Ницше схватился за голову, подбежал к нему, дёрнул орангутанга за руки и оттянул назад. А в окне все прохожие видели усатое лицо.
Мыслитель посмотрел на людей на улице, затем на обезьяну. После этого он закрыл окно, расплакался и уснул.
***
На следующее утро Ницше вышел из комнаты, и почувствовал приятное тепло из камина.
Его радость тут же оборвалась, возле камина стоял Артур. На секунду философ представил, как толкает орангутанга в огонь, а тот отплясывает там чечётку.

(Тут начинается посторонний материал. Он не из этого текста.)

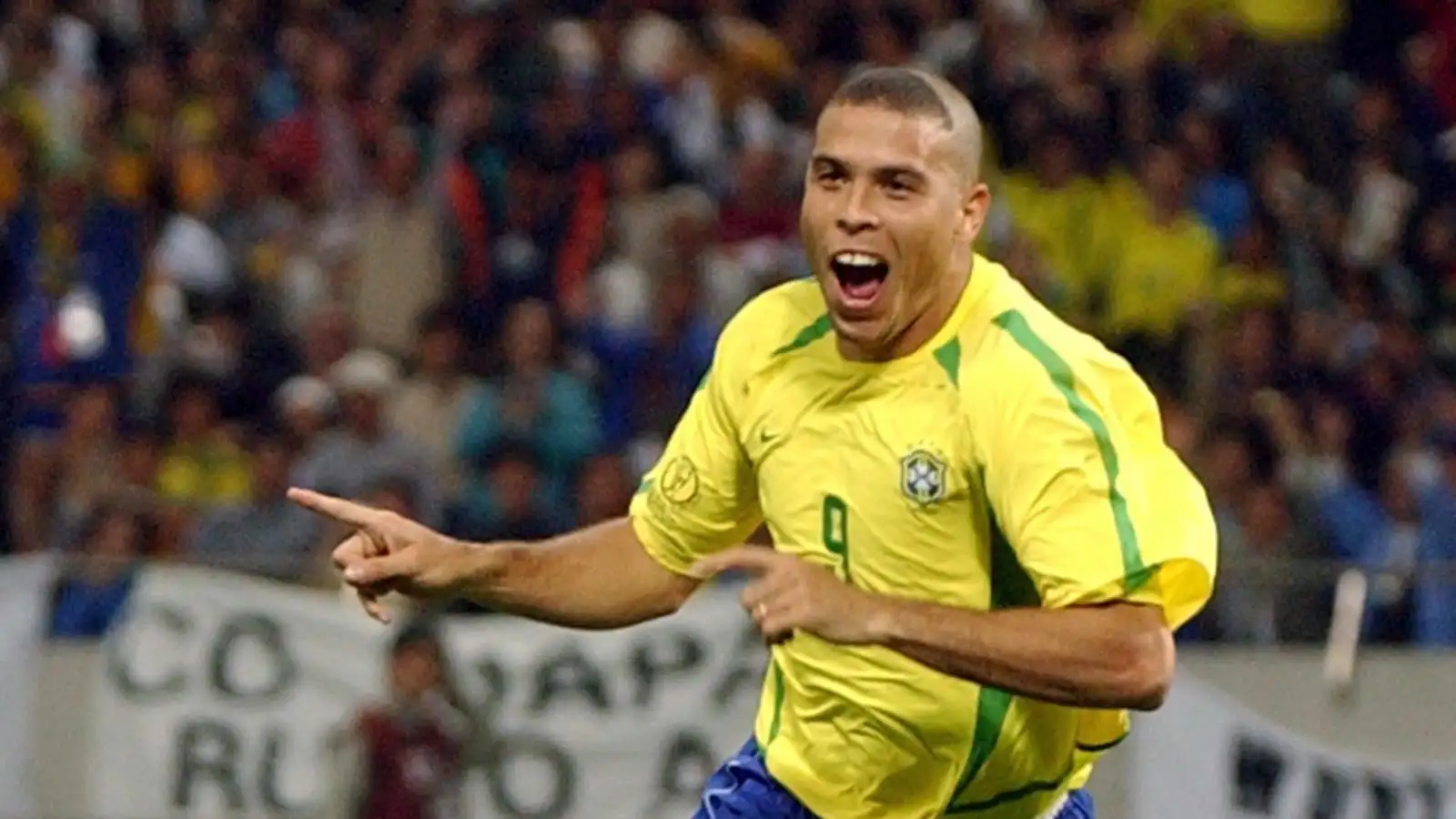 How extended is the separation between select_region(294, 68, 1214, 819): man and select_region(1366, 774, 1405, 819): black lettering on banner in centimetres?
359

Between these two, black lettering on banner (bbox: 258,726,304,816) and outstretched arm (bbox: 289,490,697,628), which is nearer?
outstretched arm (bbox: 289,490,697,628)

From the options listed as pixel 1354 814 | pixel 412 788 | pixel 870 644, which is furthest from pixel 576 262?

— Доброе утро! Буквально пару минут назад почтальон принес газету к порогу. — Артур оголил клыки в какой-то странной улыбке.
Ницше быстро подошёл к столу, прочитал заголовок и упал на пол.
Обезьяна ворошила кочергой тлеющие угли, и внезапно замолвила:
— Я не нашел, чем бы развести костер, поэтому вынужден был пожертвовать пару твоих рукописей. Они ведь не представляют для тебя никакой ценности, верно? Я проанализировал их, и подумал: "зачем он записывает свои комплексы?"
В этот момент Ницше поднялся, сел на кресло, ещё раз взглянул на заголовок, и сошел с ума.